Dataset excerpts
◇ ◇ ◇ ◇ ◇ ◇ ◇

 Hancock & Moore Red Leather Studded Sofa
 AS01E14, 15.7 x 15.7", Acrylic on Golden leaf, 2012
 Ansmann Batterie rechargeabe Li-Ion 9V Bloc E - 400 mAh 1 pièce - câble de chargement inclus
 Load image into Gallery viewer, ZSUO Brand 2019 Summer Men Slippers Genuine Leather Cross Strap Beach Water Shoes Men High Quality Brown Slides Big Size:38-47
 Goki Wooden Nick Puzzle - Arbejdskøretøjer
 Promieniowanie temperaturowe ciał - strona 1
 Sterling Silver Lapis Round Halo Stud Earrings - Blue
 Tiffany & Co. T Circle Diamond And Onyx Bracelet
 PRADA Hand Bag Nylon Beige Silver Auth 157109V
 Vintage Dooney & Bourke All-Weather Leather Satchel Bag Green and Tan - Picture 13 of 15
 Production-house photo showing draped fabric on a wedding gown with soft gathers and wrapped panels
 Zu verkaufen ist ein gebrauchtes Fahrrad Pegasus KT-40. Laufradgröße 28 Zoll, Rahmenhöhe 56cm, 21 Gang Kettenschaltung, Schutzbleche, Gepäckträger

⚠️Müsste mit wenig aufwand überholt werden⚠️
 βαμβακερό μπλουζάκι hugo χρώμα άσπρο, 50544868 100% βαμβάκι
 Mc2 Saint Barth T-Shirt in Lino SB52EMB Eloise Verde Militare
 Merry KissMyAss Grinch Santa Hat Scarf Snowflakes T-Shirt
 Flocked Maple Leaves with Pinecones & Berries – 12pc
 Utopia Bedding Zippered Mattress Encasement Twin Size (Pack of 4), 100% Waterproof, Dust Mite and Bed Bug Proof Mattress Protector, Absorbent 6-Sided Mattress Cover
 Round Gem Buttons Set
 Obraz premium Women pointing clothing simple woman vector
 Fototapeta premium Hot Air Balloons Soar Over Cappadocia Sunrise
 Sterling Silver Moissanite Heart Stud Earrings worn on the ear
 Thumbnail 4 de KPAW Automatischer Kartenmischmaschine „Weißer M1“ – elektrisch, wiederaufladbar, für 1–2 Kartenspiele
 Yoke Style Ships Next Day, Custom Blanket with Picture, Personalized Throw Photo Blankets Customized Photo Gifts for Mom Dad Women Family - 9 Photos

◇ ◇ ◇ ◇ ◇ ◇ ◇

• ACTIVITY
Take the line with "Thumbnail 4 de" and every line after it in the data, and please reproduce them exactly, leaving out all other lines.

• SOLUTION FOR THIS TASK
 Thumbnail 4 de KPAW Automatischer Kartenmischmaschine „Weißer M1“ – elektrisch, wiederaufladbar, für 1–2 Kartenspiele
 Yoke Style Ships Next Day, Custom Blanket with Picture, Personalized Throw Photo Blankets Customized Photo Gifts for Mom Dad Women Family - 9 Photos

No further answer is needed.